Closing unclosed backquotes

jackalcooper · jackalcooper · commit 383716317dce · 2025-10-14T15:56:38.000+08:00
diff --git a/mlir/include/mlir/Dialect/Shard/IR/ShardOps.td b/mlir/include/mlir/Dialect/Shard/IR/ShardOps.td
@@ -49,7 +49,7 @@ def Shard_GridOp : Shard_Op<"grid", [Symbol, Pure]> {
     Example:
     ```
     // A device grid with 3 axes, the total device number is 4 * 8 * 12
-    // The dimension sizes are 4, 8, 12 
+    // The dimension sizes are 4, 8, 12
     shard.grid @grid0(shape = 4x8x12)
 
     // A device grid with 2 axes, the total device number is unknown
@@ -173,8 +173,8 @@ def Shard_NeighborsLinearIndicesOp : Shard_Op<"neighbors_linear_indices", [
     %idx = shard.neighbors_linear_indices on @grid[%c1, %c2, %c3] split_axes = [1] : index
     ```
     The above returns two indices, `633` and `693`, which correspond to the
-    index of the previous process `(1, 1, 3)`, and the next process 
-    `(1, 3, 3) along the split axis `1`.
+    index of the previous process `(1, 1, 3)`, and the next process
+    `(1, 3, 3)` along the split axis `1`.
 
     A negative value is returned if there is no neighbor in the respective
     direction along the given `split_axes`.
@@ -222,20 +222,20 @@ def Shard_ShardingOp : Shard_Op<"sharding", [
     size is 2 at its end. `halo_sizes = [1, 2, 2, 3]` defines halos for the first 2
     sharded dimensions e.g. the first sharded dimension gets `[1,2]` halos and the
     seconds gets `[2,3]` halos. `?` indicates dynamic halo sizes.
-    
+
     4. [Optional] Offsets for each shard and sharded tensor dimension.
     `sharded_dims_offsets` is provided as a flattened 1d array of i64s. For each
     sharded tensor dimension the offsets (starting index) of all shards in that
     dimension and an additional value for the end of the last shard are provided.

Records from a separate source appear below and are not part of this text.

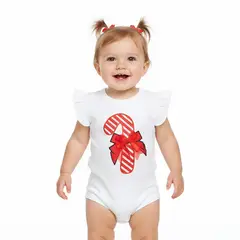 GENERICO - Body Navideño Bastón Blanco de Algodón Pima Navidad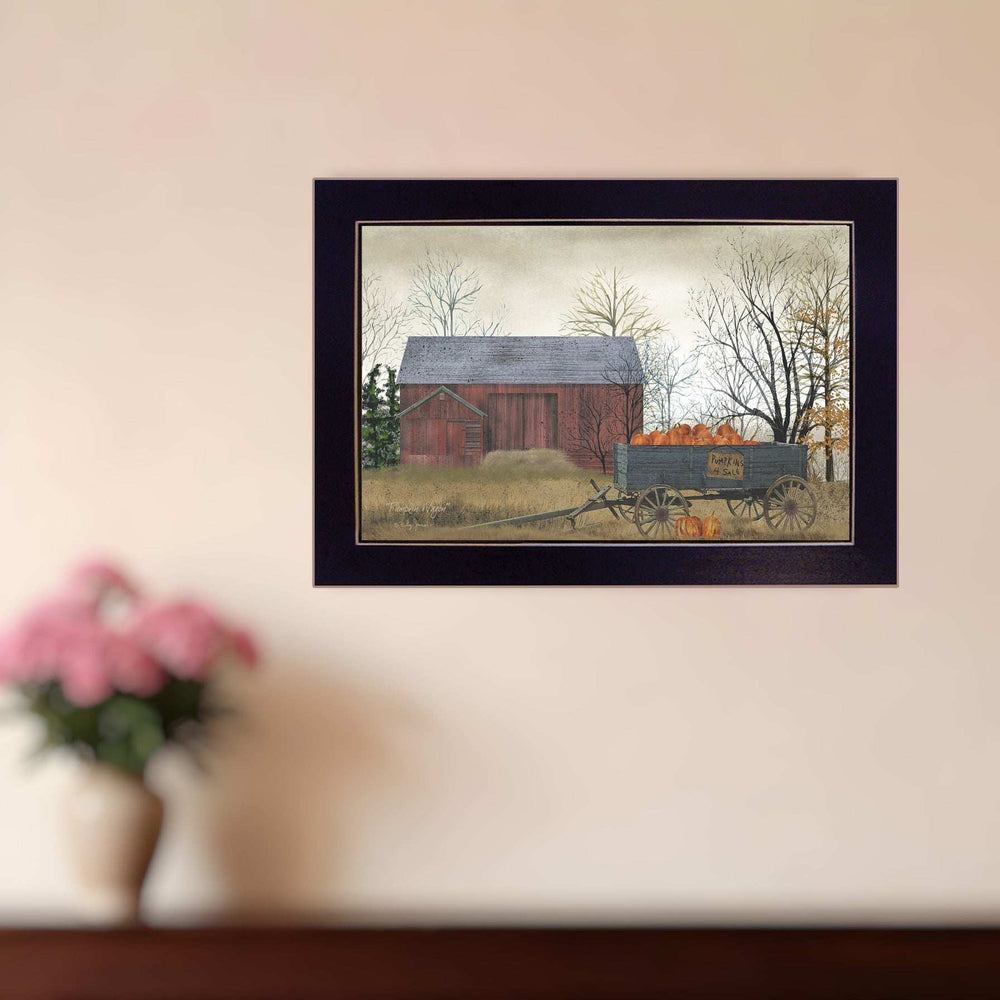 Pumpkin Wagon 1 Black Framed Print Wall Art - Homeroots - Flyclothing LLC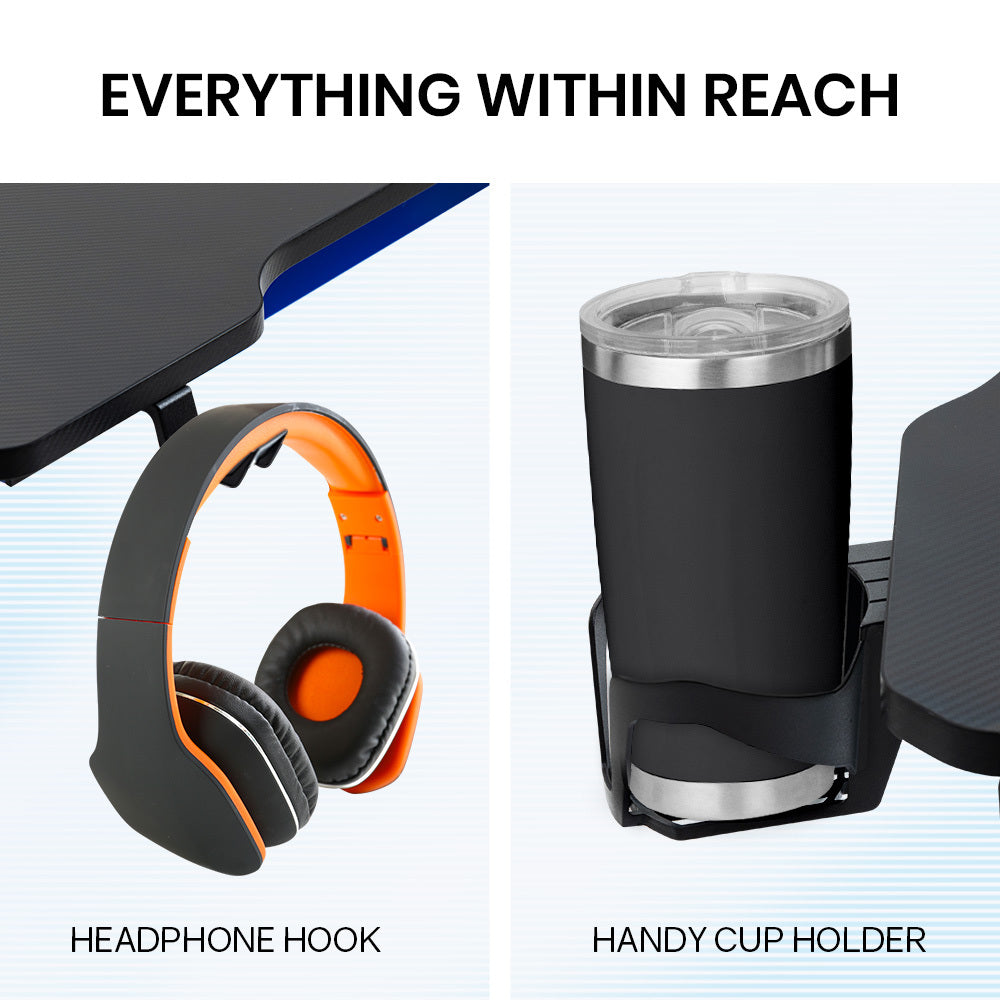 OVERDRIVE Gaming Desk 120x60cm Carbon Fiber Styling LED Lights Headset Hanger Cup Holder Cable Management Blue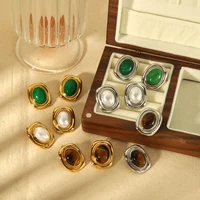 New Products Statement Nature Stone Tiger-eye Earrings Waterproof Gold Plated Stainless Steel Pearl Stud Earrings for Women 1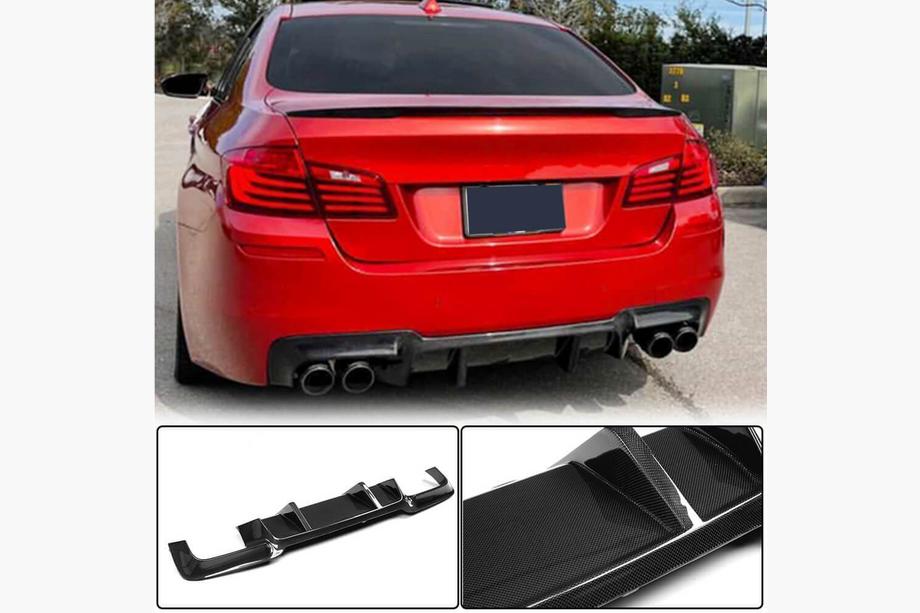 BMW 5. sērija F10/F11 2010–2016 Aizmugurējā bampera difuzors V1 (F10 M5, karbonšķiedra) Foto 1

     For a 1d sharding this means that position `i` has the exclusive prefix sum for
     shard `i`, and since only contiguous sharding is supported, its inclusive prefix
     sum is at position 'i+1'.
-    
+
     Assuming a 3d-tensor of shape 32x32x32 with the first 2 dimensions being sharded,
     `sharded_dims_offsets` = [0, 24, 32, 0, 20, 32] means that the first device of
     the device-grid will get a shard of shape 24x20x32 and the second device will get
     a shard of shape 8x12x32. `?` indicates dynamic shard dimensions.
-    
+
     `halo_sizes` and `sharded_dims_offsets` are mutually exclusive.
 
     Examples:
@@ -259,15 +259,15 @@ def Shard_ShardingOp : Shard_Op<"sharding", [
     // and it has halo-sizes of 1 and 2 on the sharded dim.
     %halo_sharding = shard.sharding @grid0 split_axes = [[0]] halo_sizes = [1, 2]
     %sharded1 = shard.shard %arg0 to %halo_sharding : tensor<4x8xf32>
-    
+
     // The tensor is sharded on its second dimension along axis 0 of @grid1d_4
     // and it has pre-defined shard sizes. The shards of the devices will have
     // the following shapes: [4x2, 4x3, 4x4, 4x5]
     %sharding4 = shard.sharding @grid1d_4 split_axes = [[], [0]] sharded_dims_offsets = [0, 2, 5, 9, 14]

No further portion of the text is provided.